* **INPUT DATA**:
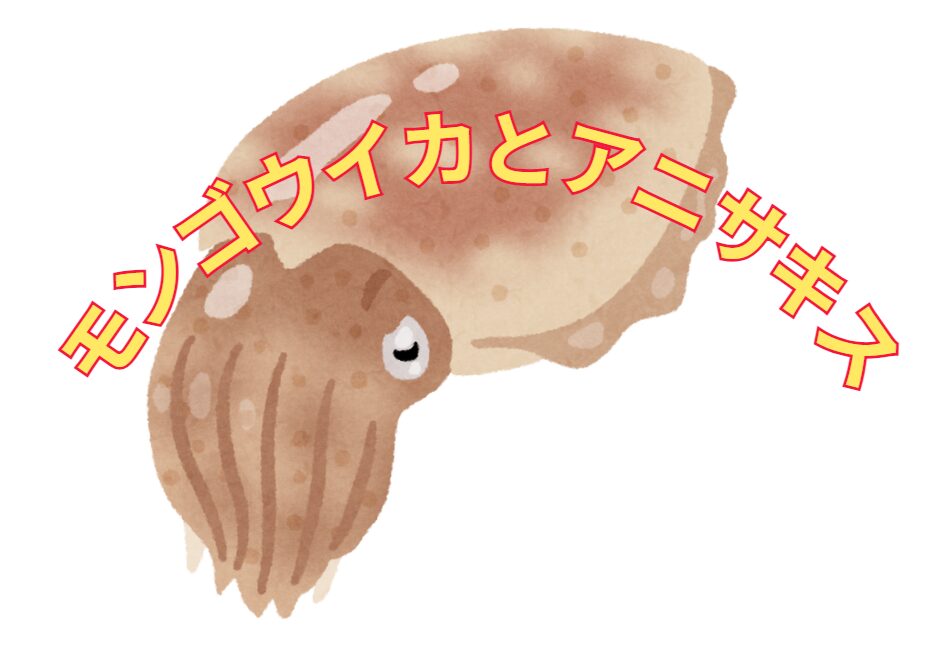 モンゴウイカにも寄生虫アニサキスが入っていることがある？釣太郎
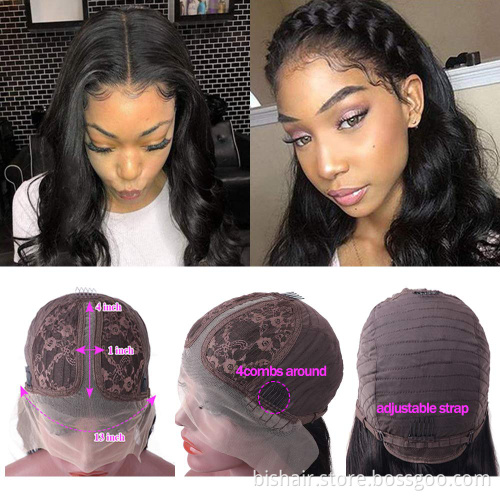 wholesale raw straight human hair Remy original bone straight Hair Black Women 100% Raw Brazilian Human Hair T Lace Frontal Wig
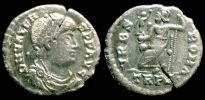 367-378 AD., Valens, Treveri mint, Siliqua, RIC 27e.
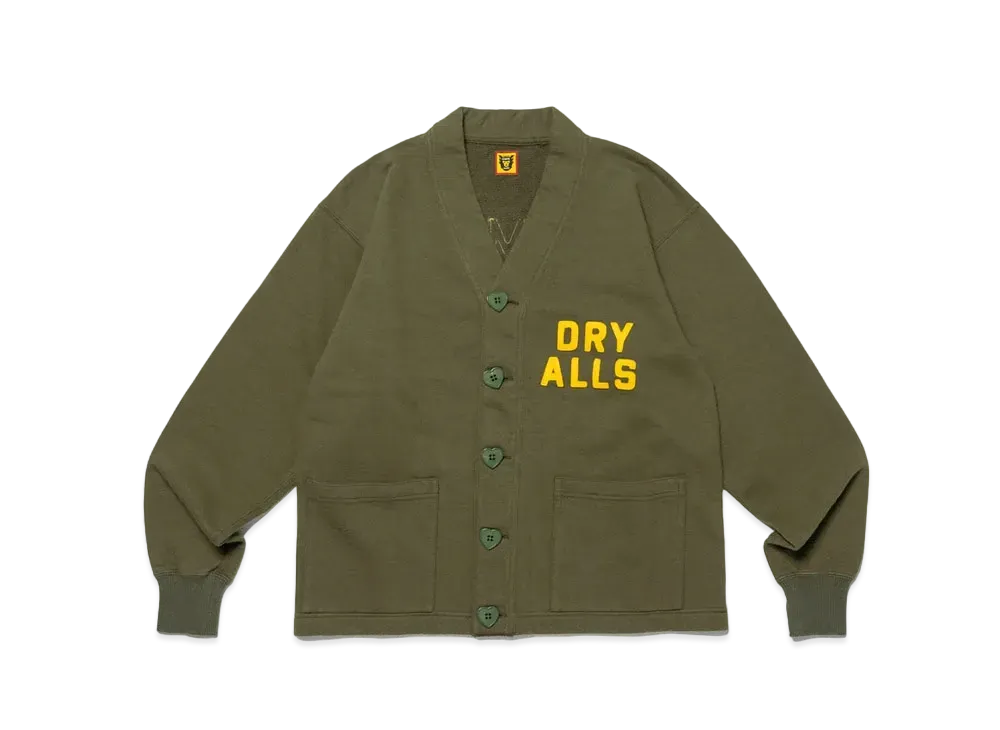 HUMAN MADE Sweatshirt Cardigan "Olive Drab"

* **EXERCISE**: When you return the listing, keep it exact and omit any pictures it holds.

* **FINISHED TASK**:
 モンゴウイカにも寄生虫アニサキスが入っていることがある？釣太郎
 wholesale raw straight human hair Remy original bone straight Hair Black Women 100% Raw Brazilian Human Hair T Lace Frontal Wig
 367-378 AD., Valens, Treveri mint, Siliqua, RIC 27e.
 HUMAN MADE Sweatshirt Cardigan "Olive Drab"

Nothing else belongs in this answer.